Don’t look now but the Diamondbacks are back in playoff contention. The team had struggled all year after winning the division crown a year go. That was until a hot July, sparked by a recent 7-3 10-game stretch, which they bring to Citizens Bank Park this weekend. Future MVP Justin Upton has carried the burden of the team’s frustrations in the first half, but the young snakes have picked him up. Paul Goldshmidt, Miguel Montero, and Aaron Hill have all been key offensive contributors.
When Last We Met: The Phillies actually won their last series against the D-backs in April. They took 2 of 3, with Cole and Vance getting the wins. An end of April series victory appeared to be getting the team back on track, but we all know how the rest played out. 3 months later and the Phillies are trading away the team, and snakes are playing for a playoff spot. Go figure.
Series Predictions: 1) The Phanatic is placed on waivers, but it’s only a routine move. They wouldn’t trade the Phantaic would they?
2) Kyle Kendrick relishes the oppurtunity to be back in the starting rotation by giving up multiple home runs. Why did we re-sign this guy?
3) The D-Backs stay hot and sweep the Phillies on their way to recapturing the NL West. Remember you heard it here first.
Fansided Perspective: Nick Valenzula of Venom Strikes breaks down the D-Backs trade deadline and more in our weekly mailbag.
1) A popular trade floating around had Cliff Lee going to the desert for Justin Upton. Craziest rumor or actually a good idea for the club?
Definitely a crazy rumor. Although the squad could use a premiere starter to bolster their rotation, and Lee has proven to be one of the best starters in the game, Lee is still due over $87.5 Million over the next three seasons. At roughly $29M per season, that would equate to more than a third of the D-backs club payroll. Although Justin Upton has not had an ideal season at the plate, he is still only 24 years old, and one year removed from MVP consideration. If Arizona were to deal Upton, they would have to haul in a package of players with a lot of youth and upside.
2) The Diamondbacks never made that “blockbuster” deal. How would you grade the teams trade deadline?

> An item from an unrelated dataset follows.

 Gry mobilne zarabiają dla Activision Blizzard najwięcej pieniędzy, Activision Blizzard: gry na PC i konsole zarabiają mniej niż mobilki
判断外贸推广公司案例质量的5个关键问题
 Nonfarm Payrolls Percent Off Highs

Only days removed from the deadline, I would have to give the D-backs a B- for their trade deadline. Kevin Towers made a solid acquisition by picking up former Houston third baseman Chris Johnson for two prospects, and his offensive potential was already displayed in this week’s sweep of the Dodgers, collecting 6 hits, 2 home runs, and 7 RBIs in three games with Arizona. I think he is a solid addition to the bottom half of the lineup. The area that went unaddressed was the starting rotation. I think this deadline there was an opportunity to pick up a front of the rotation type starter and GM Kevin Towers wasn’t able to put together a deal in time. With SP Daniel Hudson out for the year and a down season by Ian Kennedy, there is a need for a consistant veteran in the rotation. However, although we did not make a big move for a pitcher, we also didn’t give up any key pieces to solid roster.

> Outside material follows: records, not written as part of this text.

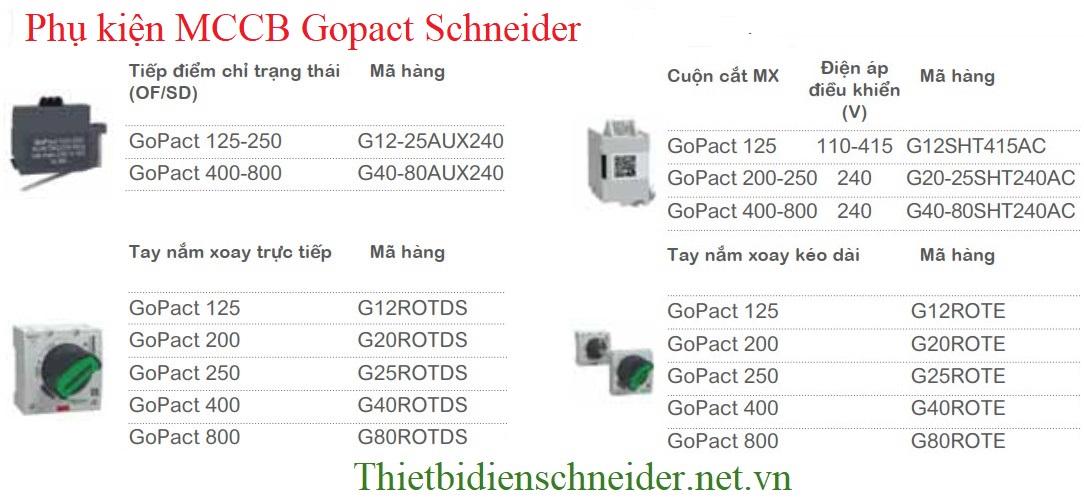 Áp to mát CB Gopact MCCB Schneider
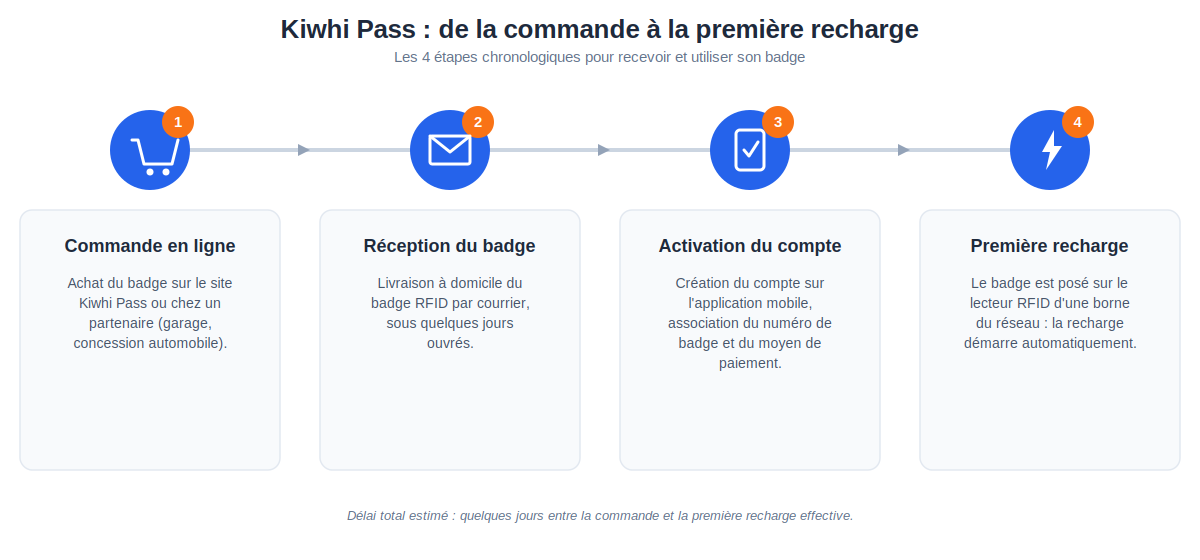 étapes chronologiques de commande, réception, activation et première recharge du Kiwhi Pass
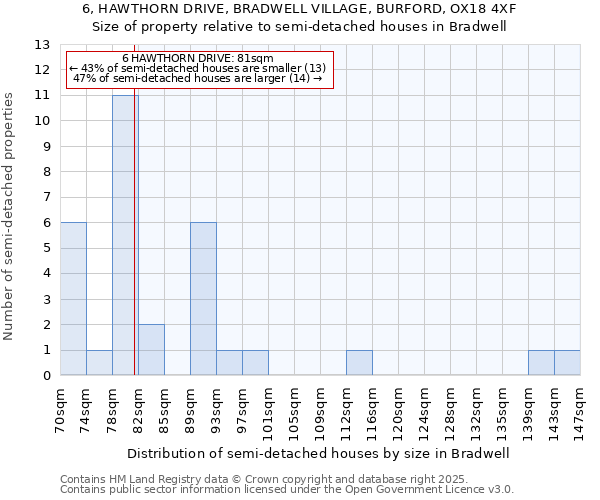 6, HAWTHORN DRIVE, BRADWELL VILLAGE, BURFORD, OX18 4XF: Size of property relative to detached houses in Bradwell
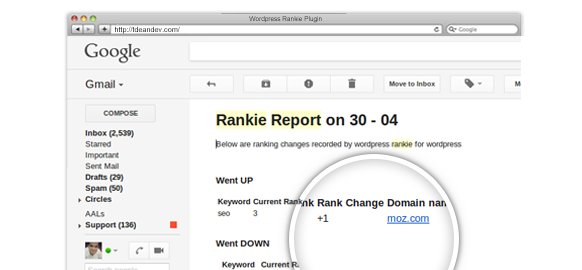 Rankie Nulled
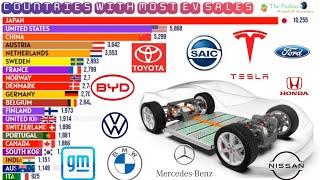 Countries With Most Electric Vehicles Sales| Electric Cars| EV Sales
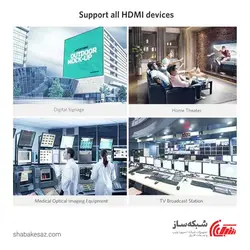 قیمت و خرید کابل HDMI 4K فایبر اپتیک یوگرین Ugreen HD132 ورژن V2.0 طول 15 متر - شبکه ساز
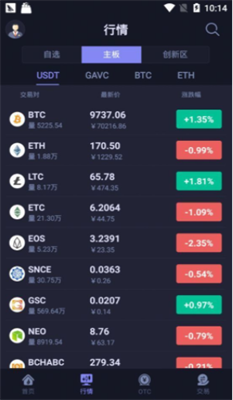hotcoinu82f9u679cu7248u4ea4u6613u6240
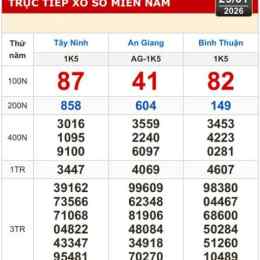 xổ số miền nam an giang tây ninh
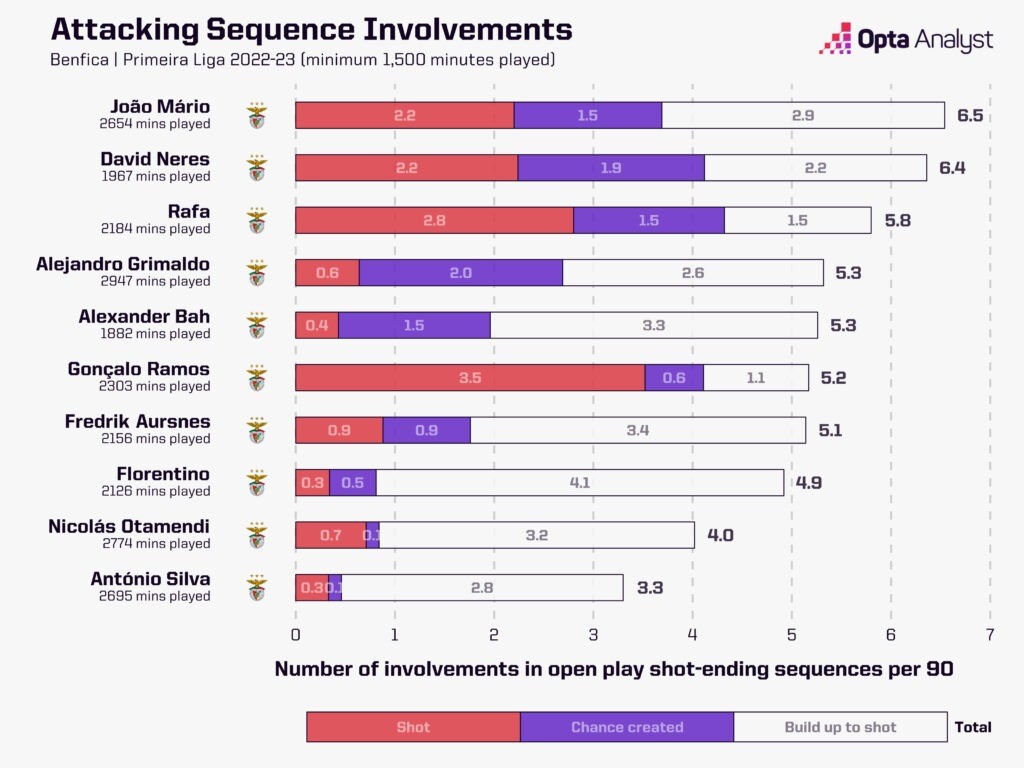 Giải bài toán trung phong của MU Goncalo Ramos - Số 9 điển hình 5 Giải bài toán trung phong của MU Goncalo Ramos - Số 9 điển hình 5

3) What’s the deal with Justin Upton? He seemed like a lock to be in the MVP race this season, but his numbers are very pedestrian.

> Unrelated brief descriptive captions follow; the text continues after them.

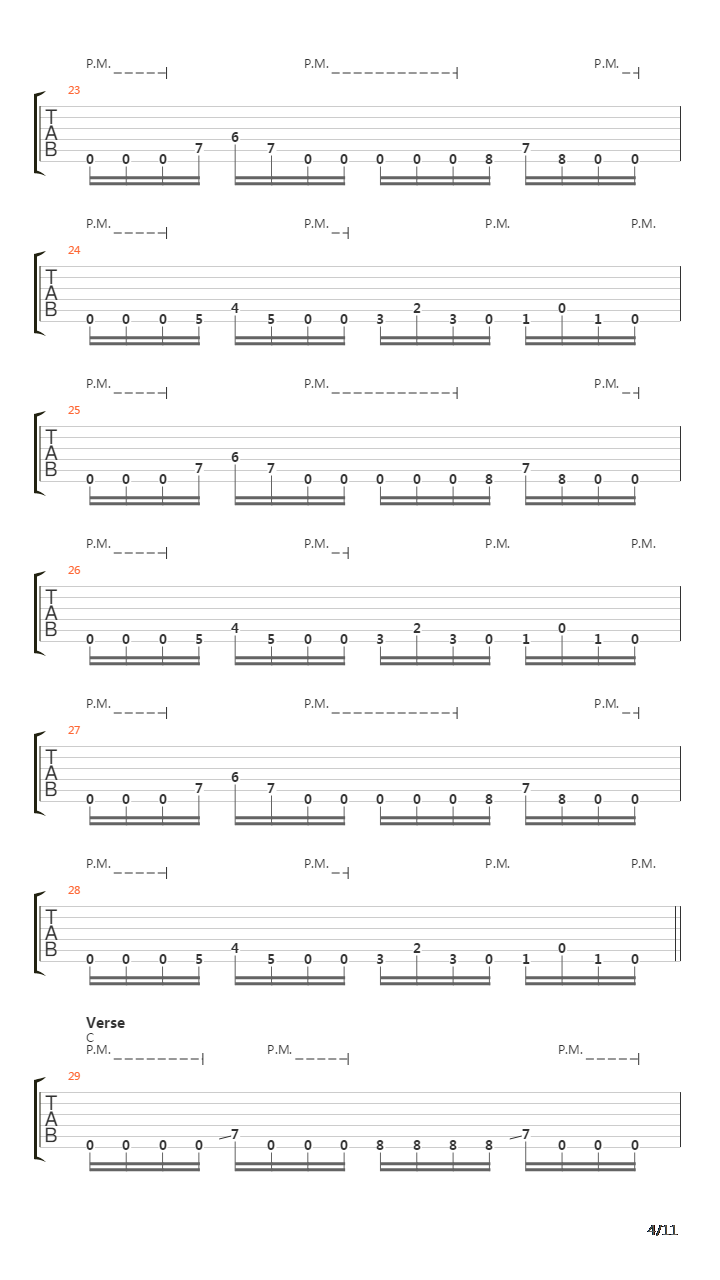 Beginning Of Sorrow吉他谱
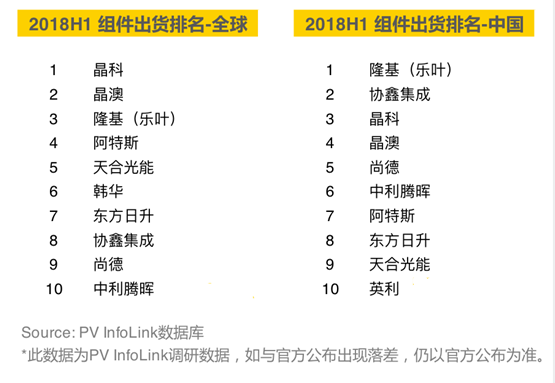 2018上半年組件出貨排名出爐：晶科全球第一，隆基中國(guó)第一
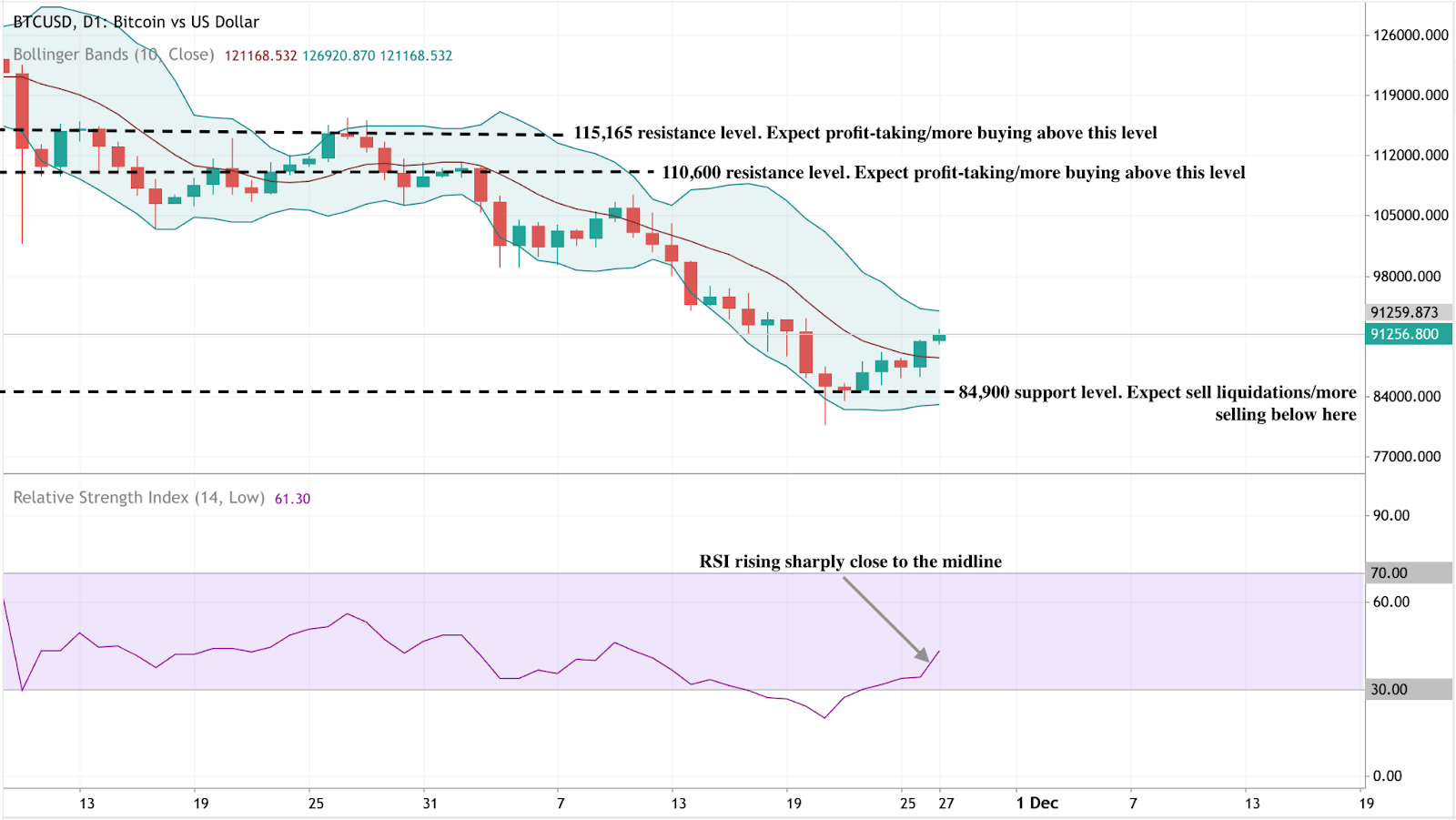 BTC/USD daily chart showing Bitcoin trading within Bollinger Bands during a downtrend, with price attempting a rebound near $91,256.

His numbers are very pedestrian. Having seen his regression this season, it appears that he is pressing and trying to do too much at the plate. Upton’s strength has always been his ability to use the entire field and spread his hits out. He’s great at hitting the ball the other way and using the gaps to his advantage. This season it appears he is trying too hard to collect HRs and RBIs, swinging too hard most of the time. His smooth/natural swing produces enough power to generate over 30 HRs a season (as seen last season). He has more protection in the lineup this season with the addition of Jason Kubel and the progression of Paul Goldschmidt and Miguel Montero, but has not used that to his advantage. He still has the potential to duplicate and surpass his numbers from a year ago, its just a matter of getting out of the mental funk that he is in.